Some Unicode Characters not working since Netatalk 4.x

andylemin commented 3 weeks ago

Describe the bug Since Netatalk 4.x some JP chars fail to be handled correctly. Documents with characters such as だ゙ in the filename result in users being unable to open these files.

Initially discovered with Netatalk 4.0.2 on FreeBSD 14.1 with Ventura clients. Existing files and folders on AFP share after upgrade to 4.0.2 results in permissions errors. After removing problematic chars (on server console via ssh), files become accessible again by clients via share.
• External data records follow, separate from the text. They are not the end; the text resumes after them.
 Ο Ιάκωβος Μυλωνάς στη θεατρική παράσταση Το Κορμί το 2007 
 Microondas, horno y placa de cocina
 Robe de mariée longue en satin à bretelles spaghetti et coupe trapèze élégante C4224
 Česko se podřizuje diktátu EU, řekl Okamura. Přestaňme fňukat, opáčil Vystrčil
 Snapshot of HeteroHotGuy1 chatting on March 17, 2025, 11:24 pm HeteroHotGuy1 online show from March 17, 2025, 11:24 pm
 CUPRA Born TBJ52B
Clients cannot rename problematic filenames over AFP share.

When trying to reproduce with Netatalk 4.0.2 on Ubuntu and Ventura 13.7 client, trying to open a file with one of the problematic JP chars results in "The document “test だ゙.txt” could not be opened."

To Reproduce Build Netatalk 4.0.2 on Linux or FreeBSD using latest instructions at; https://netatalk.io/4.0/htmldocs/compile Use default afp.conf, add a test share. 1) When trying to save files to AFP share from MacOS clients with characters like だ゙ get error; The document “Untitled” could not be saved as “testだ゙.txt”. The file doesn’t exist. 2) Create file on server with this problematic char in filename in shared folder using SSH, file is created fine, but when clients try to open file it errors. user@ubuntu:/test$ touch test2だ゙.txt File created fine on server. When trying to open file on client, get error; The document “test2だ゙.txt” could not be opened. The file doesn’t exist.
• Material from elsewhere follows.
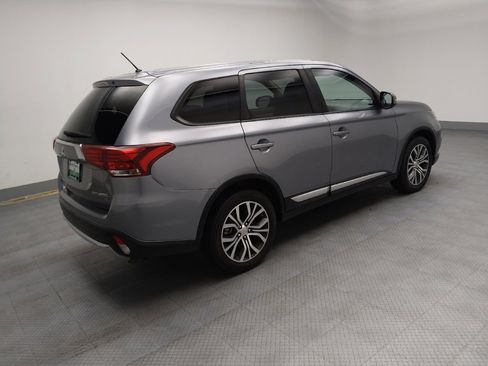 Used 2016 Mitsubishi Outlander SE image 10
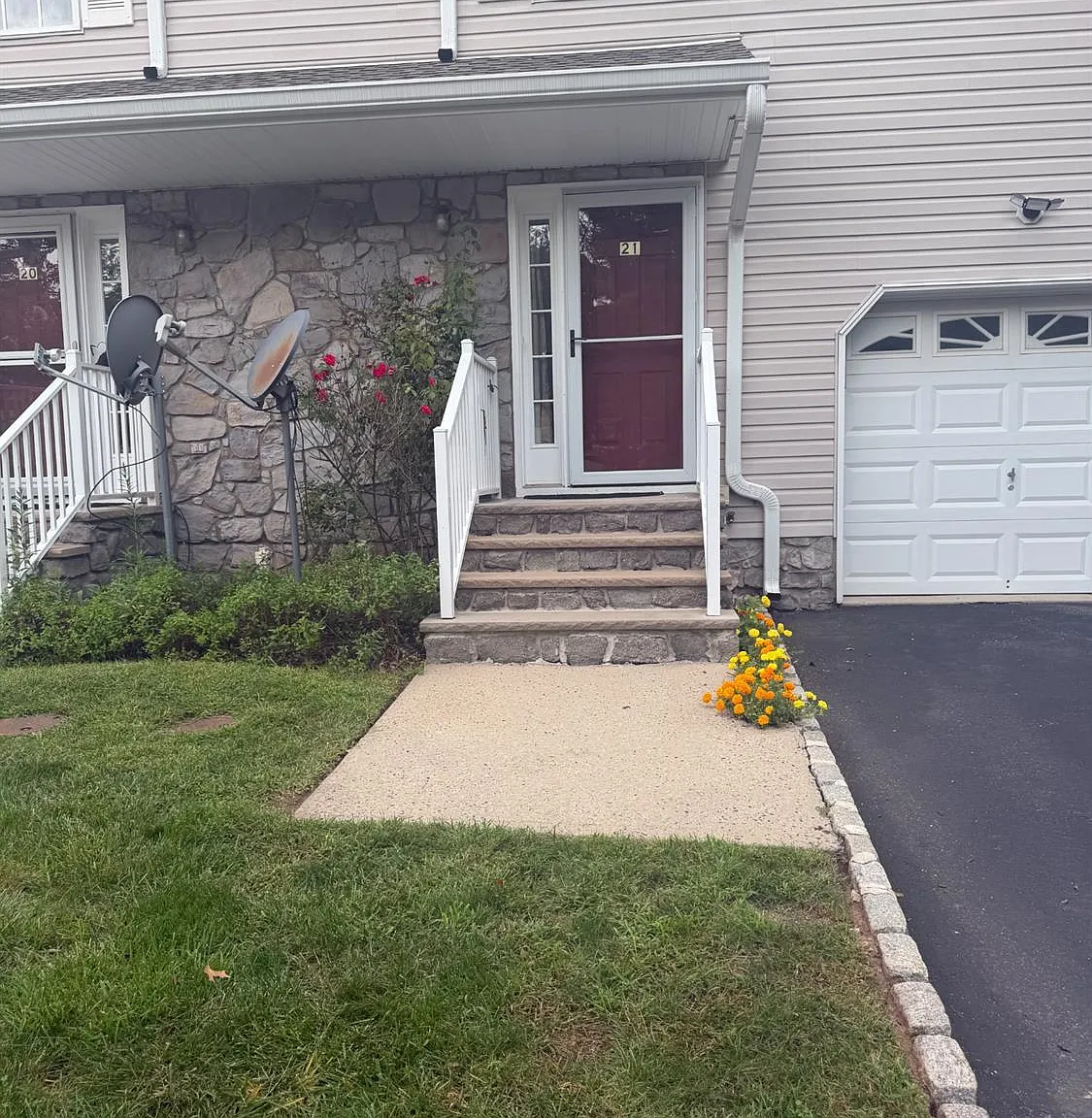 3 bed, 2.5 bath, 1488 sqft, $3,000 — Photo 2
FreeBSD install requires UnicodeData.txt download from https://www.unicode.org/Public/UNIDATA/UnicodeData.txt, Ubuntu install requires apt install of unicode-data package. Both have same problem. After downgrading to Netatalk 3.x, all inaccessible files and folders become accessible again.

NB; This does not affect all Unicode chars, only specific chars are impacted. It is unknown how many are impacted since 4.x.
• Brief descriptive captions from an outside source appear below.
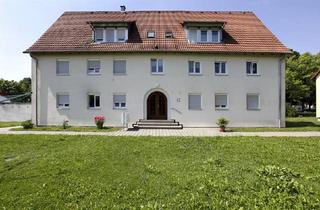 Wohnung mieten in Brühl, 88471 Laupheim, Charmante Dachgeschosswohnung mit Tageslichtbad – teilsaniert und bezugsbereit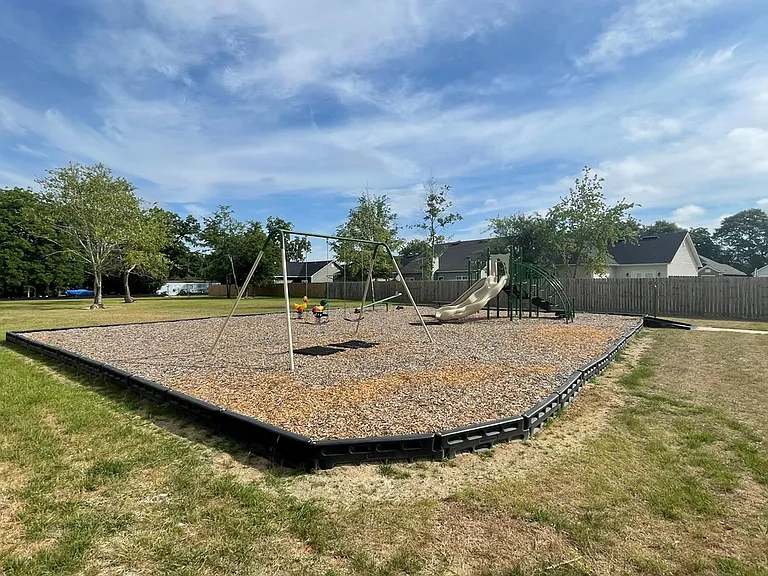 3881 Zaun Cir — Photo 19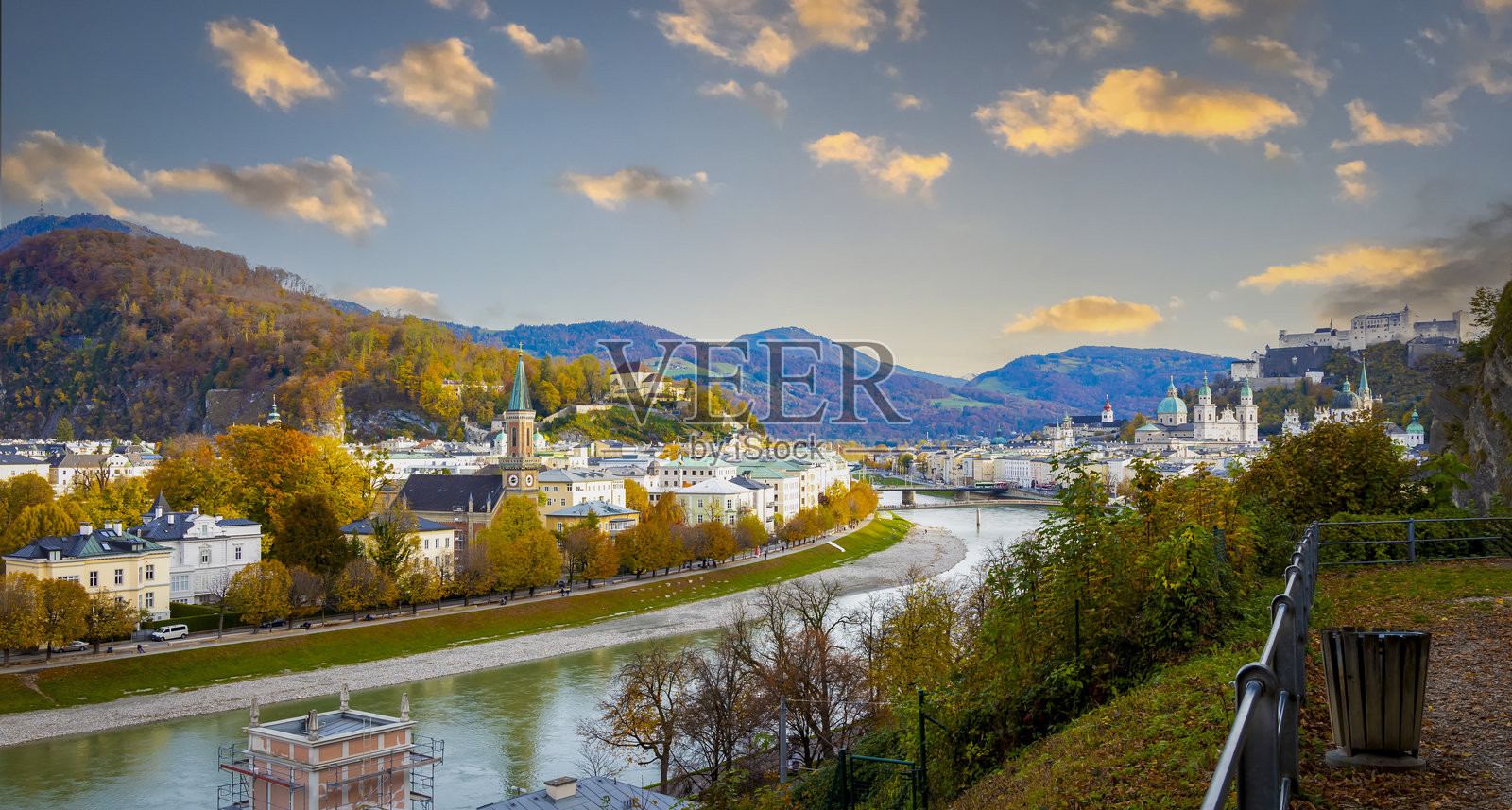 奥地利萨尔茨堡历史城市的秋季，萨尔察赫河在美丽的阳光天空下，秋天的色彩斑斓景象。照片摄影图片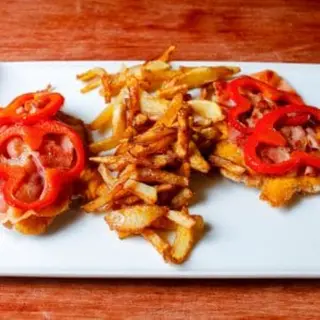 Tapa De Tortos Con Serrano Y Pimientos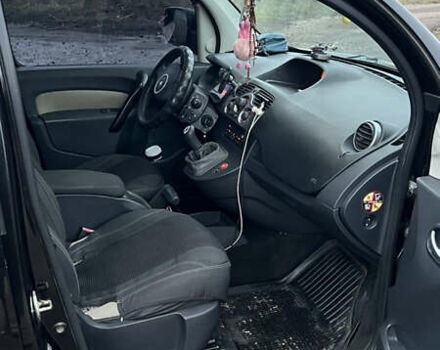Черный Рено Кенгу, объемом двигателя 1.5 л и пробегом 324 тыс. км за 8500 $, фото 6 на Automoto.ua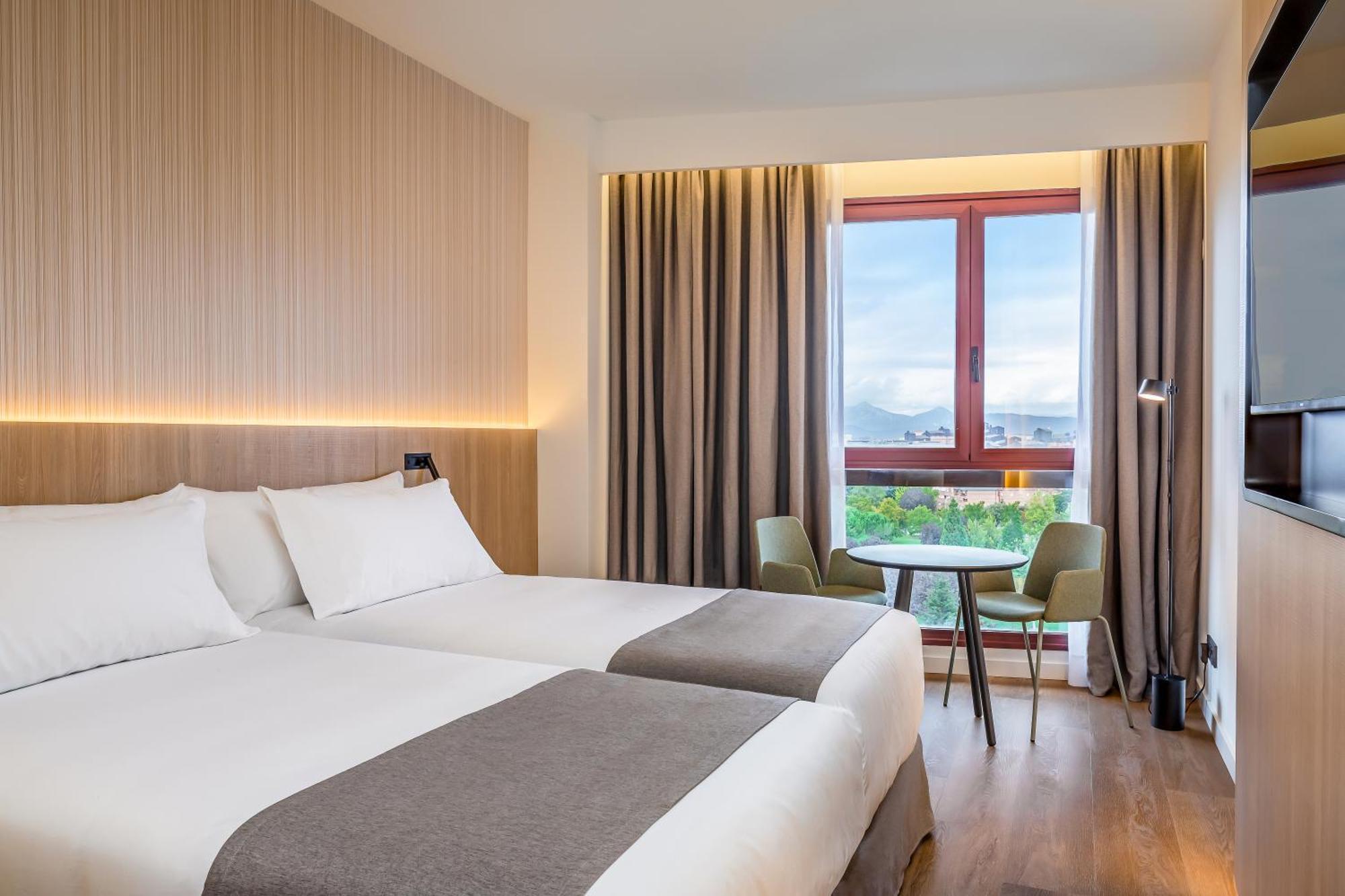 Hotel Occidental Pamplona Esterno foto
The example for testing is だ゙ Can provide more chars with problem if required.

Expected behavior In Netatalk 2.x and 3.x all JP chars can be used in filenames and folders without issues, and all files and folders can be accessed and opened without issue. Netatalk 4.x should also support all Unicode chars.

Environment

Server OS: Ubuntu 24.04.1 LTS, FreeBSD14.1
Client OS: macOS Ventura
Netatalk Version: 4.0.2

Logs Attach syslogs from the malfunctioning process, maxdebug log level afp.log Log shows server start, one test client connecting to 'test' share, tries to open test2だ゙.txt file, client fails with The document “test2だ゙.txt” could not be opened. Server process stopped.

Additional context Netatalk does not crash

andylemin commented 3 weeks ago

Tried with both default and MySQL CNID's. No change in fault. Filtered log attached cat /var/log/afp.log | grep test2 > /var/log/afp.log.test2.log

MacOS Finder client tried to open test2だ゙.txt just once. Log seems to repeat same messages over and over with no obvious error for cause.

afp.log.test2.log

Thanks

andylemin commented 3 weeks ago

More examples of Unicode characters which do not work over Netatalk AFP including multiple languages; ï, ѓ, じ, ど, パ, ブ, プ

rdmark commented 3 weeks ago

@andylemin Were you able to get around to building netatalk4 with v14 of UnicodeData.txt as we discussed, to see if that was the breaking point?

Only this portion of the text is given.